==== Records for this exercise

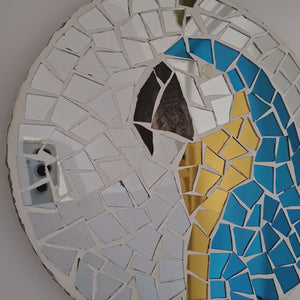 video showing close up of mosaic bird  to catch the changing colours and sparkles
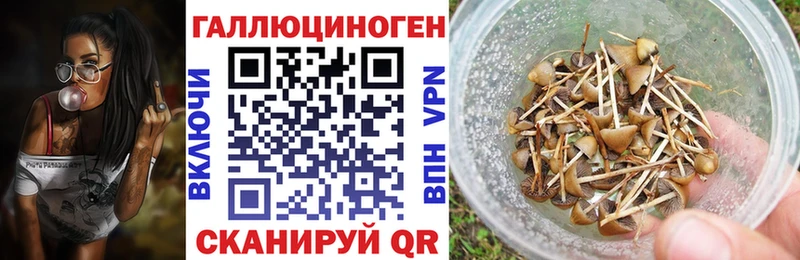 блэк спрут зеркало  Новая Усмань  Галлюциногенные грибы мухоморы 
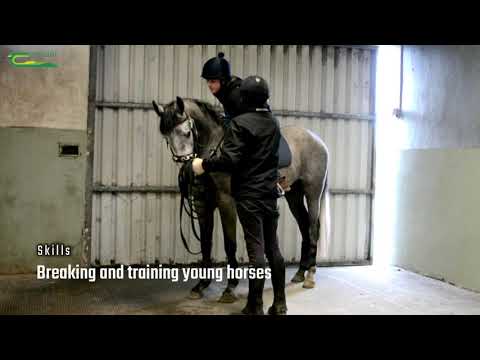 Kildalton College Equine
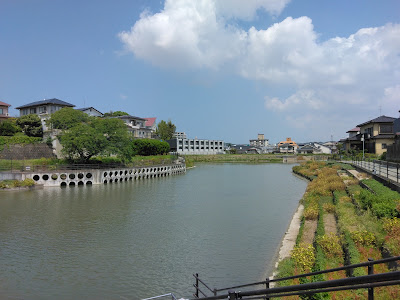 Hisayaike Ryokuchi Park 사진 2
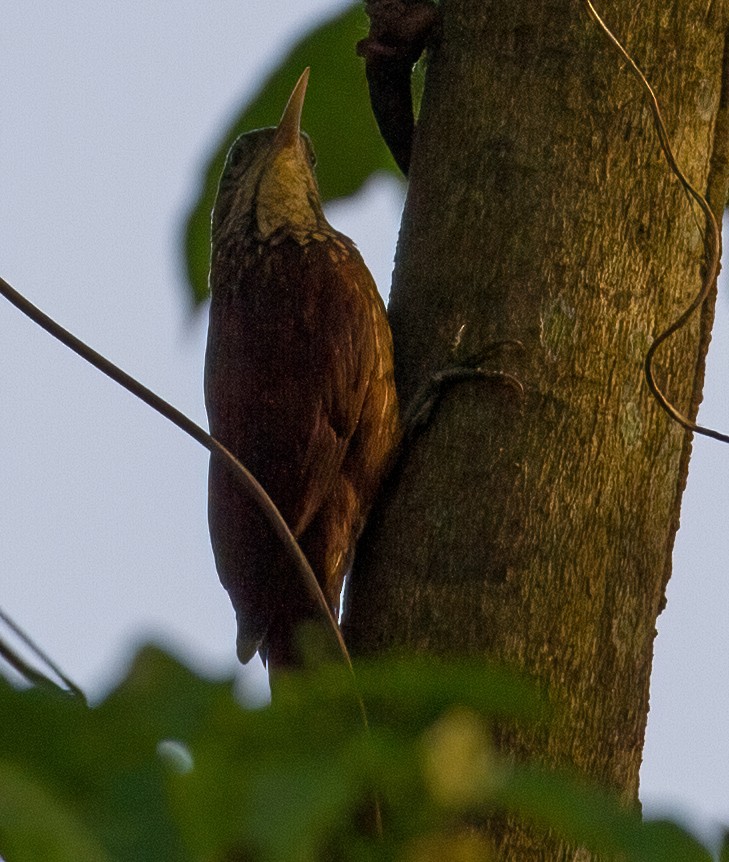 Straight-billed Woodcreeper - ML619535913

========

Only the pictures should be left out; write out everything else in the records exactly.

 video showing close up of mosaic bird  to catch the changing colours and sparkles
 блэк спрут зеркало  Новая Усмань  Галлюциногенные грибы мухоморы 
 Kildalton College Equine
 Hisayaike Ryokuchi Park 사진 2
 Straight-billed Woodcreeper - ML619535913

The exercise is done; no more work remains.